── Source data ──

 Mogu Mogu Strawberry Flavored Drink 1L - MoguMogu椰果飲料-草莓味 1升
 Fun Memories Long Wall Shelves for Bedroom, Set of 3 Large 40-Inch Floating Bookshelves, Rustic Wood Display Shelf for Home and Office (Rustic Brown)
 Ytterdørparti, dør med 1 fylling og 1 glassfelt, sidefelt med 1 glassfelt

───
── Source data ──

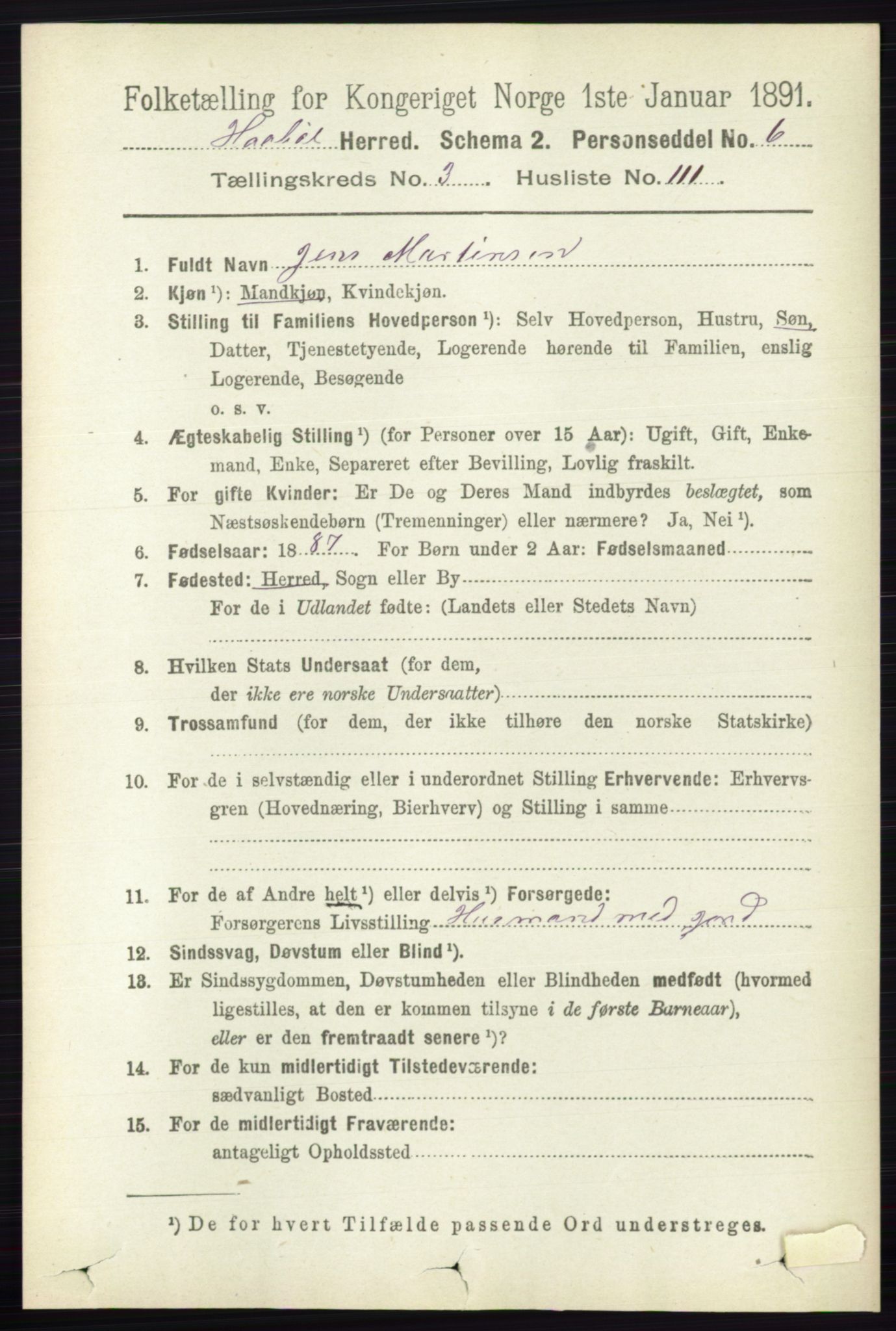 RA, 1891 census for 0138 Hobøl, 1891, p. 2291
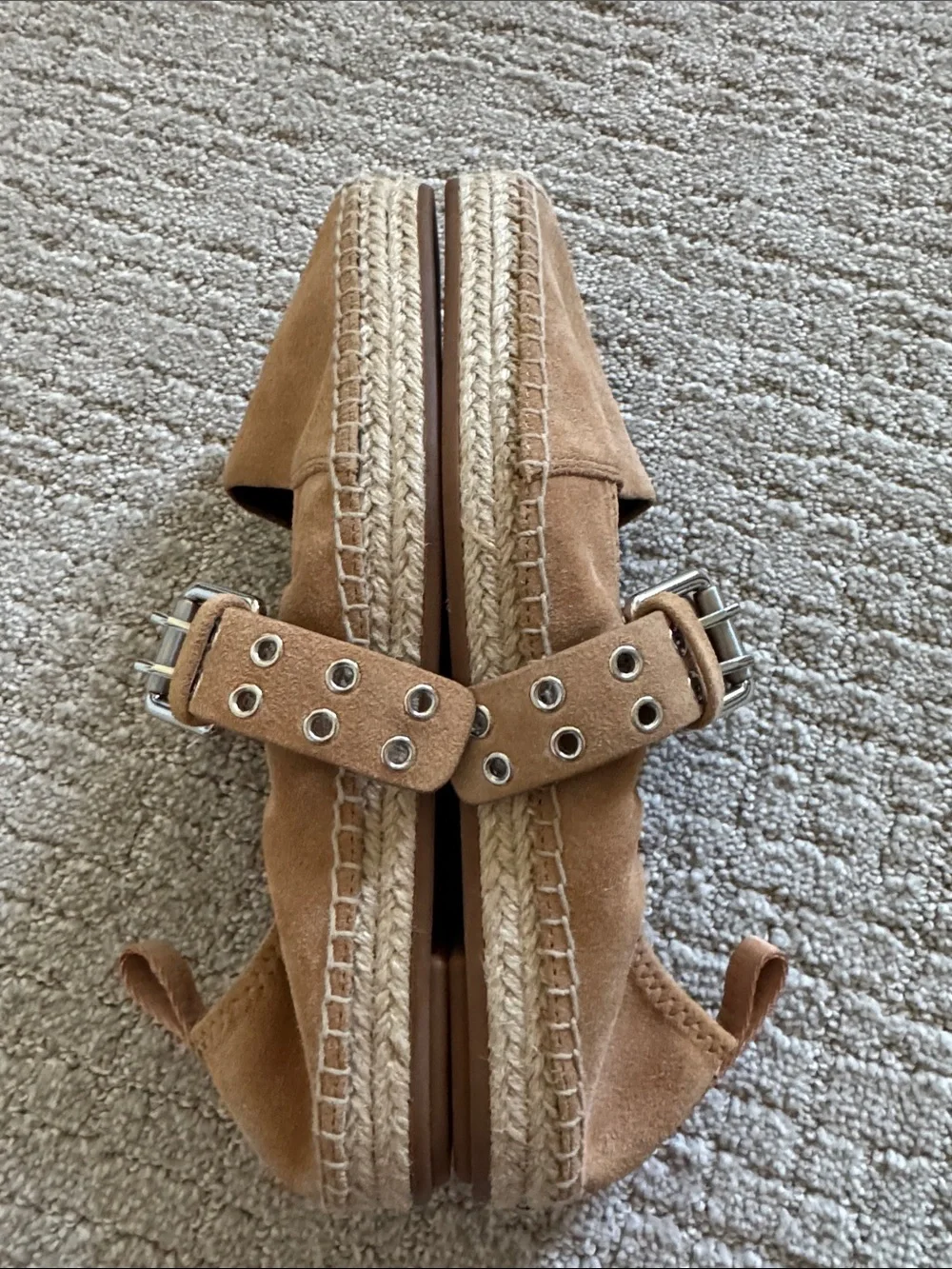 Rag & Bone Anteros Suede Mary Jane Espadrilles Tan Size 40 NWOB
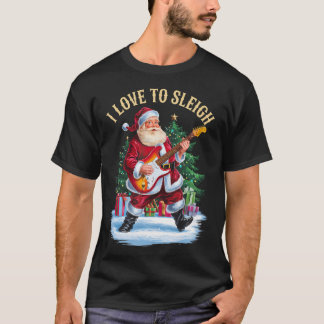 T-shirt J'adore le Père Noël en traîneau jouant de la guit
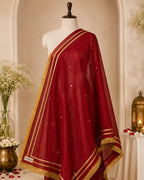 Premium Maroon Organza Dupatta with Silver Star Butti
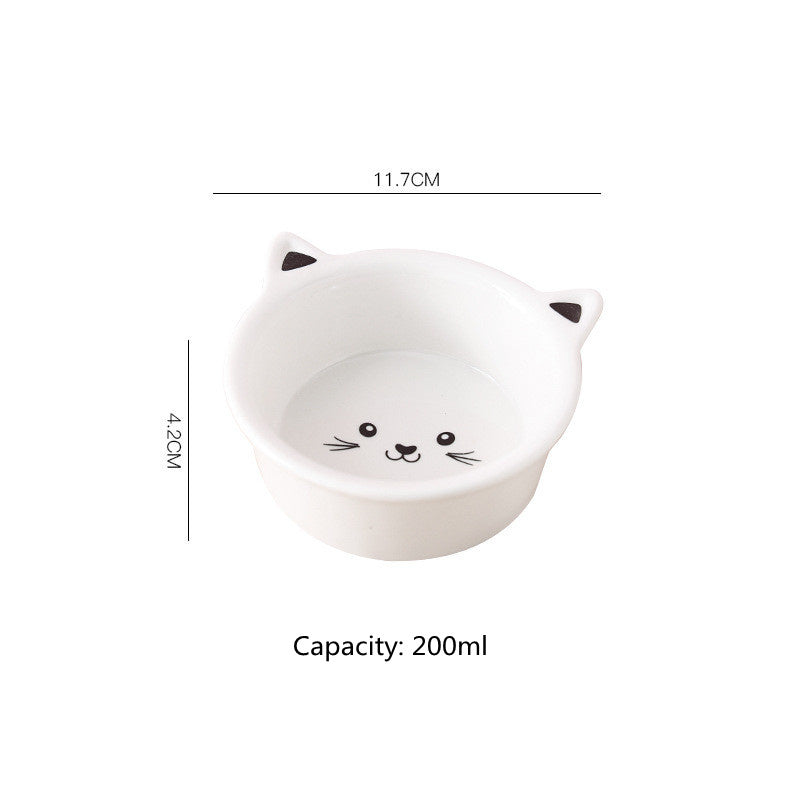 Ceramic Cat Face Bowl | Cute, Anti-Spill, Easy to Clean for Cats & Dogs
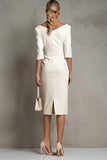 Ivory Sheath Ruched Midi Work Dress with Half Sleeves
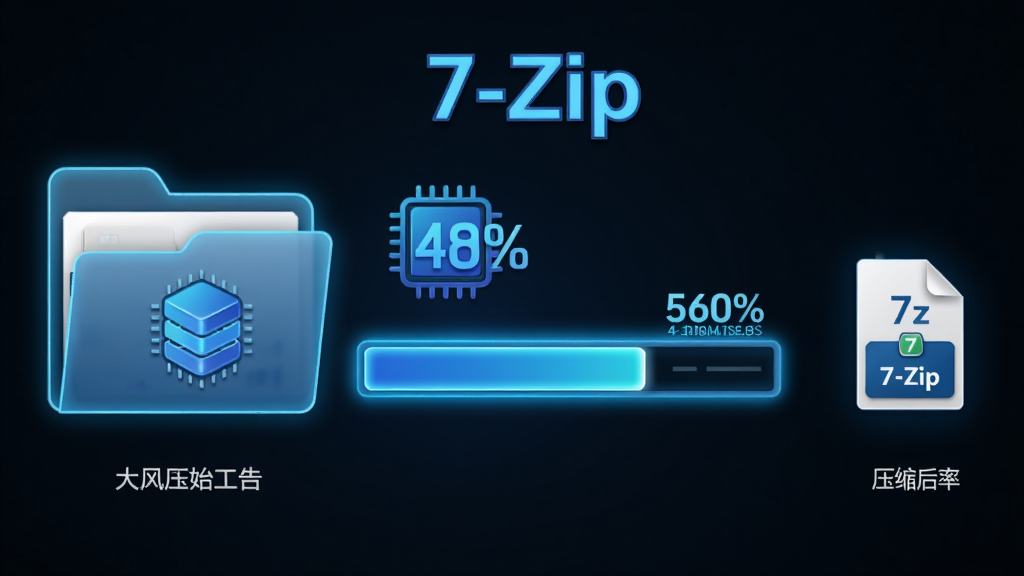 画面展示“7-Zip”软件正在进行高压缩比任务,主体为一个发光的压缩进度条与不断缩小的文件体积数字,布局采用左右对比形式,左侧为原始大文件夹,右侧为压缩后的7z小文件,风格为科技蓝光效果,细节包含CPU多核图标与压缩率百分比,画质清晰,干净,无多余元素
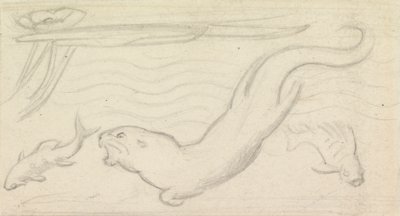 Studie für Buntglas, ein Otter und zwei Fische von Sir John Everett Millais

───

#### What this task involves
Pictures excluded, give again exactly and only the lines of the material above from the line with "RA, 1891 census" through the line with "Studie für Buntglas, ein".

#### Problem solution
 RA, 1891 census for 0138 Hobøl, 1891, p. 2291
 Rag & Bone Anteros Suede Mary Jane Espadrilles Tan Size 40 NWOB
 T-shirt J'adore le Père Noël en traîneau jouant de la guit
 Premium Maroon Organza Dupatta with Silver Star Butti
 Ceramic Cat Face Bowl | Cute, Anti-Spill, Easy to Clean for Cats & Dogs
 Ivory Sheath Ruched Midi Work Dress with Half Sleeves
 画面展示“7-Zip”软件正在进行高压缩比任务,主体为一个发光的压缩进度条与不断缩小的文件体积数字,布局采用左右对比形式,左侧为原始大文件夹,右侧为压缩后的7z小文件,风格为科技蓝光效果,细节包含CPU多核图标与压缩率百分比,画质清晰,干净,无多余元素
 Studie für Buntglas, ein Otter und zwei Fische von Sir John Everett Millais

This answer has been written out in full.